▶ [WHAT IS NEEDED]
The expected answer is the set of lines in the data below between the line holding "Box Car Tissue" and the line holding "Introduction to language", inclusive, written out exactly.
<<<<
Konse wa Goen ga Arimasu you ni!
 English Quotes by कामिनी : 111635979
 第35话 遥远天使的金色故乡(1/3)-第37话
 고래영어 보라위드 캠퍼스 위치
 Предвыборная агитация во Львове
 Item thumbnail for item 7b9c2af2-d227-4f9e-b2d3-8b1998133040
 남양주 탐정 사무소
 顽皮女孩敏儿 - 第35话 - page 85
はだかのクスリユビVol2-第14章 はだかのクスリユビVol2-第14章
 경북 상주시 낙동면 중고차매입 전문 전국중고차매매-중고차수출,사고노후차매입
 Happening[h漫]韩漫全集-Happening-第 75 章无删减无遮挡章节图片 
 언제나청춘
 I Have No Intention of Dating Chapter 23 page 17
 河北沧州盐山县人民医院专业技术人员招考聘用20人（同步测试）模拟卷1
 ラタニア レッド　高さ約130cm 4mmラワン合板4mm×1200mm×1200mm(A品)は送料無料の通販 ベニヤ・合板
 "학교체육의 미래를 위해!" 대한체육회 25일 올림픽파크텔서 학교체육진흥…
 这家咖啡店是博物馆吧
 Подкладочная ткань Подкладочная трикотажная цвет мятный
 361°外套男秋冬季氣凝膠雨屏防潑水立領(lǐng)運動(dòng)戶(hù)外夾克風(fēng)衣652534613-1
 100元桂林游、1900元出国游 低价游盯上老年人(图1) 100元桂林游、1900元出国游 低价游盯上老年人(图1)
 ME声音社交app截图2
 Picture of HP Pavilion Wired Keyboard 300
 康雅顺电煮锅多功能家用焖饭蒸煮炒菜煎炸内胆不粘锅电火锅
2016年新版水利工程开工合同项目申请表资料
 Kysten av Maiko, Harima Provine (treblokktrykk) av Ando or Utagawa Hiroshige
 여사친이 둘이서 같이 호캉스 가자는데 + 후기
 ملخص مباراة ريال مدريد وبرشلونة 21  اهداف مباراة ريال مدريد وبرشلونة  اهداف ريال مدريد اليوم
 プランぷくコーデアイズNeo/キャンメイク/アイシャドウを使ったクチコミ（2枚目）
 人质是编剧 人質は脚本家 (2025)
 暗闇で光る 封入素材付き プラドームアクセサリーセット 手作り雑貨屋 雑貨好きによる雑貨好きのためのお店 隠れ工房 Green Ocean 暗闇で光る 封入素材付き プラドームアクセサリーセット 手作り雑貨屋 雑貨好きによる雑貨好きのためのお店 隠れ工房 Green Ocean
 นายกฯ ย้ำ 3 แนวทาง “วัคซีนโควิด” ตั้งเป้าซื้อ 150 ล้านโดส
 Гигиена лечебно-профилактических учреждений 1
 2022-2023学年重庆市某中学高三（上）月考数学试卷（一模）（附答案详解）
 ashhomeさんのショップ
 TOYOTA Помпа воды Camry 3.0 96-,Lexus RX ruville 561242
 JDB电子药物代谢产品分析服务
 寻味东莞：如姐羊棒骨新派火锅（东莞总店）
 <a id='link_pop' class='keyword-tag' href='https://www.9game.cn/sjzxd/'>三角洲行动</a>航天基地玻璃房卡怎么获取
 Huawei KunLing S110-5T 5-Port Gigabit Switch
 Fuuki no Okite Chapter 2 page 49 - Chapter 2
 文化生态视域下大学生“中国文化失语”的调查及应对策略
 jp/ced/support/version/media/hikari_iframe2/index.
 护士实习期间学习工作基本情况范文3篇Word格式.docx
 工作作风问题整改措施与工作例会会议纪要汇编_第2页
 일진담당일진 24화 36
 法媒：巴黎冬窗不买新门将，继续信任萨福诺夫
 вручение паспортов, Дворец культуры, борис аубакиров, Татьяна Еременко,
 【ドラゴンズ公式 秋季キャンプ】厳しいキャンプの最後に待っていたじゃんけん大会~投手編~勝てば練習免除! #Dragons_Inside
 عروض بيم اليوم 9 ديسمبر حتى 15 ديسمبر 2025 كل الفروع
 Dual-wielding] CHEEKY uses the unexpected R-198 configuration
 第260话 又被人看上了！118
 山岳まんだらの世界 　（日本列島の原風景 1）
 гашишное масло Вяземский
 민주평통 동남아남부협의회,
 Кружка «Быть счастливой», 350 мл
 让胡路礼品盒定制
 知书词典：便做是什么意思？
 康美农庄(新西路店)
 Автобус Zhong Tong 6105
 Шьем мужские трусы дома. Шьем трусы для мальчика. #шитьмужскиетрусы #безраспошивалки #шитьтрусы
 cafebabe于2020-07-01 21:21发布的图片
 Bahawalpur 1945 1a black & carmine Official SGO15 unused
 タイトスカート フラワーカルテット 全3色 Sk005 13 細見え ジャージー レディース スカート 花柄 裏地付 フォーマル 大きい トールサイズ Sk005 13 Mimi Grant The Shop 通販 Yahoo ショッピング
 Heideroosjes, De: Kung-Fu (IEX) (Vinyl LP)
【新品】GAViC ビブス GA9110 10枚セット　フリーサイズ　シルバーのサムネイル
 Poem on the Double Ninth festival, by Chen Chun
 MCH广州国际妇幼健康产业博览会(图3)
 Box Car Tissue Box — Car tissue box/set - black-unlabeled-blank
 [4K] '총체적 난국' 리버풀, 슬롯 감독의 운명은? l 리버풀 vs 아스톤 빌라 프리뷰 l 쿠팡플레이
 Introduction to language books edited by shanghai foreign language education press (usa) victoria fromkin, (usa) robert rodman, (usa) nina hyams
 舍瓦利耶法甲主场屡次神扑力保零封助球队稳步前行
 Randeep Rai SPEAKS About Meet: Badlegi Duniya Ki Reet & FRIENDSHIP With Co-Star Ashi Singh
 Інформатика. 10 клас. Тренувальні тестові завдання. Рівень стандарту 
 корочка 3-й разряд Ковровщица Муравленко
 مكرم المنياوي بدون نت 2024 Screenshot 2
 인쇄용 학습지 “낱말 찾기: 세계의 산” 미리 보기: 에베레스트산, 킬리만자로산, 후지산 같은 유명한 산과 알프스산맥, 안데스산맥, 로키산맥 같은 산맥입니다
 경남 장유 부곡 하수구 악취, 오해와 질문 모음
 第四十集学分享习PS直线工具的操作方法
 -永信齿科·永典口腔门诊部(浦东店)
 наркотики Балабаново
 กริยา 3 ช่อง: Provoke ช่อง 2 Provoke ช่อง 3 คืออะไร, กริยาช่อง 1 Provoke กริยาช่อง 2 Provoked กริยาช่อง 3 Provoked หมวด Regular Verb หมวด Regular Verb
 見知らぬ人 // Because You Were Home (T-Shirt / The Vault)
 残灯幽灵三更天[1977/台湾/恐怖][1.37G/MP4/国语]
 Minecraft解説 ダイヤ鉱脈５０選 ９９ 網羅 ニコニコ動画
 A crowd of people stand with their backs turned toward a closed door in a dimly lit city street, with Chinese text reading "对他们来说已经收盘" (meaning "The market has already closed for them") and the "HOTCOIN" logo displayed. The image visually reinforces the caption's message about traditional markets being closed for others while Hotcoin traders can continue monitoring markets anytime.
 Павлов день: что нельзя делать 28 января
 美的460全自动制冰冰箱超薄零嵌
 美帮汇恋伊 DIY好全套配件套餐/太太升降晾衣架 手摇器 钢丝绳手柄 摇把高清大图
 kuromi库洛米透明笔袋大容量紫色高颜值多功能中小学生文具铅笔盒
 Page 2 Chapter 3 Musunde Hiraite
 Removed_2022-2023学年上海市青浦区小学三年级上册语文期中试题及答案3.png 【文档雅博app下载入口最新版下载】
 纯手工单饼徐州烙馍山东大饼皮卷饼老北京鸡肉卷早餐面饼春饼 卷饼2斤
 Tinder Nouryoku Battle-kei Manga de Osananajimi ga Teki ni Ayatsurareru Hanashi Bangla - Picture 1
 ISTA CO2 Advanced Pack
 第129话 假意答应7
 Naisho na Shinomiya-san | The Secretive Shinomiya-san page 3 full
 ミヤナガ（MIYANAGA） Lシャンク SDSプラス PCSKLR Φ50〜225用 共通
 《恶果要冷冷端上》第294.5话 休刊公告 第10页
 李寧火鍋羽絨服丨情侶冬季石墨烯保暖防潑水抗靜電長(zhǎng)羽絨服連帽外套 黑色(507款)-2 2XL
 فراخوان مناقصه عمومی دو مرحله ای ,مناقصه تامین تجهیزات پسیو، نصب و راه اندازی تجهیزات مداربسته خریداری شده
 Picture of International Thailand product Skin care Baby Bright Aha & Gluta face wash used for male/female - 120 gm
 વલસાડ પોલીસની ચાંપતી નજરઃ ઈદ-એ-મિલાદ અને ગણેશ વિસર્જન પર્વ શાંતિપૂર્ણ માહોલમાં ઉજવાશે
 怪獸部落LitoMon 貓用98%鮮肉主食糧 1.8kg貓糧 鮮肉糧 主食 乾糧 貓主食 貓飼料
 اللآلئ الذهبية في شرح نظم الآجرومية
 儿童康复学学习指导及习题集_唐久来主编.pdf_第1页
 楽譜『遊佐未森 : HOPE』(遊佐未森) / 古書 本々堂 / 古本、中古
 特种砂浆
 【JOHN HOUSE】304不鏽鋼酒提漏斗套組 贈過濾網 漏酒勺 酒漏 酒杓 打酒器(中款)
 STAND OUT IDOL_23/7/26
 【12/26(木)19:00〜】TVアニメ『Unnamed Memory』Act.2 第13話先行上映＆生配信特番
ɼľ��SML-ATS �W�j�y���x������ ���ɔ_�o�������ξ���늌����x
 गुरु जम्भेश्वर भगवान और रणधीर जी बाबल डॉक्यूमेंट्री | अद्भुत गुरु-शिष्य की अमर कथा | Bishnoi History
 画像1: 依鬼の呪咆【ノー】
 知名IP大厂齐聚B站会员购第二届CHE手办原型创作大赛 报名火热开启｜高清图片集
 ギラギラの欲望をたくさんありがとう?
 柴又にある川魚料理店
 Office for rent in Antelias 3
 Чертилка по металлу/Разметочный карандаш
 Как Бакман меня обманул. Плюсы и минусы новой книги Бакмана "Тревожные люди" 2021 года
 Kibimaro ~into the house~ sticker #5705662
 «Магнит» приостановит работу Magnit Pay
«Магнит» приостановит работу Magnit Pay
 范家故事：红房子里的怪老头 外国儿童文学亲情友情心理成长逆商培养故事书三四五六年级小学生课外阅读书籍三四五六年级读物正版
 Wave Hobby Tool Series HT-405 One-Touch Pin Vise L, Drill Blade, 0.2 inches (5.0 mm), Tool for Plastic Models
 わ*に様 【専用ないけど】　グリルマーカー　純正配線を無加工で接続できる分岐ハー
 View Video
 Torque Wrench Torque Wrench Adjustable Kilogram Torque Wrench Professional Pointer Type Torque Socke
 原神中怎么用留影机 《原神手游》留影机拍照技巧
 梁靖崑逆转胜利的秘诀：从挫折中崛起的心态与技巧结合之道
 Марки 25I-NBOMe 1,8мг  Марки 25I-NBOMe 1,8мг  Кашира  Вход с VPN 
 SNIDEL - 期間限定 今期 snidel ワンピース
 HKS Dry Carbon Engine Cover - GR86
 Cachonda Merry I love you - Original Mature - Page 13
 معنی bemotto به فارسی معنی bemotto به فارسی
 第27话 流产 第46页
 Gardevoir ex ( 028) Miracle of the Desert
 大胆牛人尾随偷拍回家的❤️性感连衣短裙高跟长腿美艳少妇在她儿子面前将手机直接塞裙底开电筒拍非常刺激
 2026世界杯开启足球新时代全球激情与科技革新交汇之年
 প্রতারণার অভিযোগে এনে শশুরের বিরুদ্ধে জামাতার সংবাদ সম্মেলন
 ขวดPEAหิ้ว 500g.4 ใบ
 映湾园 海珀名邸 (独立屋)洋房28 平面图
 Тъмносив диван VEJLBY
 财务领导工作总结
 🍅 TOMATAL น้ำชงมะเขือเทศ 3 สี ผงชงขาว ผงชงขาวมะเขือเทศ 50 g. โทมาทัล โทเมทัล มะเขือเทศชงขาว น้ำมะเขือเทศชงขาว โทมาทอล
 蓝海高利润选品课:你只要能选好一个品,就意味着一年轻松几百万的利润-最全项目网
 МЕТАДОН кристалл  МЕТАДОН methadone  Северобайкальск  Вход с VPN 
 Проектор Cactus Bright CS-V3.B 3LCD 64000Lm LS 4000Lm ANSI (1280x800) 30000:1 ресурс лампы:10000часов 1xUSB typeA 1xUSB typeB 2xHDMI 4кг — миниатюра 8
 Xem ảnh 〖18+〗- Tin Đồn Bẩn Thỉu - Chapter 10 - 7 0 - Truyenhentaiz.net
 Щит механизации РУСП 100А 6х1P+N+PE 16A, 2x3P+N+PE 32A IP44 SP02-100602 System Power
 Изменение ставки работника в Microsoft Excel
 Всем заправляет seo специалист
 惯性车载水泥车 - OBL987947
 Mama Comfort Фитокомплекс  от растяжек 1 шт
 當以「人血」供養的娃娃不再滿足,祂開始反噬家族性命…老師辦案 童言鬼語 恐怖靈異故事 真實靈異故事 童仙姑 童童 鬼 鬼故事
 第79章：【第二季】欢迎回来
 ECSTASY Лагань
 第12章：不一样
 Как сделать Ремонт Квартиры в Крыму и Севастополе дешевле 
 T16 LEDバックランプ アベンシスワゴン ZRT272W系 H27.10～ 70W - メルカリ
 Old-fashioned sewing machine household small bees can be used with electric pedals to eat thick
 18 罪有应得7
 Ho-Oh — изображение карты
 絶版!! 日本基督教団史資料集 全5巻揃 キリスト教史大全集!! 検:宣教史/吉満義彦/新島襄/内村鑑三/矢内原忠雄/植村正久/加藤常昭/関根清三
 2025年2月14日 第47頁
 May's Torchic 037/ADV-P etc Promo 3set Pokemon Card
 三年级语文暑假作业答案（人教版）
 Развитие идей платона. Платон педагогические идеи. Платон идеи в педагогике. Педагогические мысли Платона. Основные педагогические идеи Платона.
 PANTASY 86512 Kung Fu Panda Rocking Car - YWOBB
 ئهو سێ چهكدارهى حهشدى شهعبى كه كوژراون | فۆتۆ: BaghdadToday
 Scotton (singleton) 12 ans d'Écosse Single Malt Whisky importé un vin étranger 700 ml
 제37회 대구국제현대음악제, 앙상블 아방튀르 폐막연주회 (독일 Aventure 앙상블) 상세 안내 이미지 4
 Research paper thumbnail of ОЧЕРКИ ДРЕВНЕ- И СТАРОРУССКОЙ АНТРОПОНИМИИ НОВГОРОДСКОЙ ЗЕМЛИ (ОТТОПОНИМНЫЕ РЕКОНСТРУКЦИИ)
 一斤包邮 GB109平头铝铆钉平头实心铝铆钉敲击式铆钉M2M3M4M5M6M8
>>>>
▶ [RESULT OF THIS TASK]
 Box Car Tissue Box — Car tissue box/set - black-unlabeled-blank
 [4K] '총체적 난국' 리버풀, 슬롯 감독의 운명은? l 리버풀 vs 아스톤 빌라 프리뷰 l 쿠팡플레이
 Introduction to language books edited by shanghai foreign language education press (usa) victoria fromkin, (usa) robert rodman, (usa) nina hyams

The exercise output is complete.